Sebagai contoh, semua deklarasi yang ditandatangani selama KTT APEC dari tahun 2021 hingga 2024 memuat klausul yang mendukung sistem perdagangan multilateral berbasis aturan dengan WTO sebagai fondasinya. Klausul ini muncul setelah berakhirnya masa jabatan pertama Donald Trump sebagai Presiden AS. Penting untuk dicatat bahwa deklarasi pemimpin dalam KTT APEC hanya dapat disahkan jika ada kesepakatan bulat dari semua anggota APEC.
Menteri Luar Negeri Korea Selatan, Cho Hyun, menyatakan bahwa setelah pertemuan tingkat menteri APEC pada hari Kamis, kesepakatan mengenai deklarasi bersama APEC tahun ini “semakin dekat”. Hasil negosiasi akhir yang masih berlangsung akan menjadi agenda pembahasan utama dalam KTT.
“Kami berharap dokumen tersebut dapat disahkan pada hari Sabtu, saat sesi retret para pemimpin APEC,” kata Cho.
Sementara itu, Menteri Perdagangan Korea Selatan, Yeo Han-koo, menyampaikan bahwa kesepakatan dasar telah tercapai dalam beberapa aspek penting, seperti rantai pasok, digital, dan lingkungan. Ia menyebut ketiga aspek ini sebagai “inti dari agenda perdagangan hari ini dan pilar ekonomi masa depan”.
“Kami akan terus menjunjung tinggi multilateralisme yang berbasis pada WTO. Namun, ketika sistem WTO sedang dipertaruhkan, kami juga mendukung kerja sama plurilateral,” kata Yeo, merujuk pada sistem kerja sama antar-negara dengan lingkup yang lebih kecil.
Selain fokus pada isu ekonomi global, isu-isu regional juga menjadi perhatian. Di KTT APEC sebelumnya, Prabowo Subianto menyampaikan komitmen Indonesia dalam memerangi korupsi dan praktik bisnis yang merugikan.
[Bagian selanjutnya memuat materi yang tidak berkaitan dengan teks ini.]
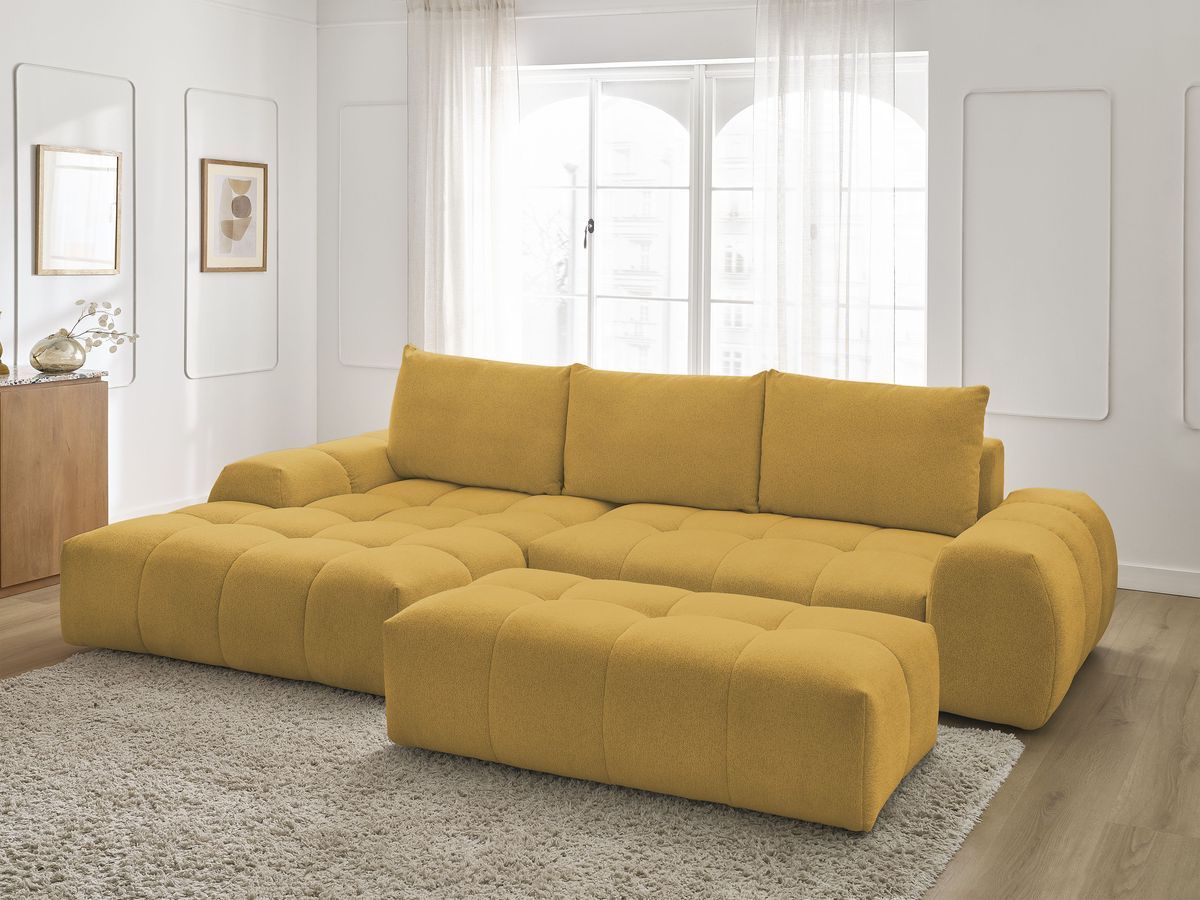 Bobochic Everest Ecksofa mit Schlaffunktion und Bettkasten und Pouf 318 × 180 cm, 3 Kissen Melange-Stoff Gelb Ecke links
Isu ini menjadi pengingat akan pentingnya tata kelola yang baik dalam menjaga stabilitas ekonomi kawasan.
Ringkasan
KTT APEC 2025 di Gyeongju, Korea Selatan, bertujuan memacu pertumbuhan ekonomi di tengah tantangan global seperti hambatan perdagangan. Para pemimpin dari 21 negara anggota APEC, termasuk Presiden Cina Xi Jinping dan Perdana Menteri Jepang Sanae Takaichi, hadir untuk membahas peningkatan perdagangan bebas dan integrasi ekonomi di Asia-Pasifik.
Fokus utama KTT adalah menciptakan kawasan Asia-Pasifik yang lebih tangguh dan terhubung melalui kerjasama yang lebih erat. Diskusi meliputi strategi meningkatkan rantai pasok, transisi digital, dan menghadapi dinamika ekonomi global. Korea Selatan mengusulkan “Deklarasi Gyeongju” dan inisiatif terkait AI serta perubahan demografis, dengan harapan mencapai konsensus tentang jalur perdagangan internasional.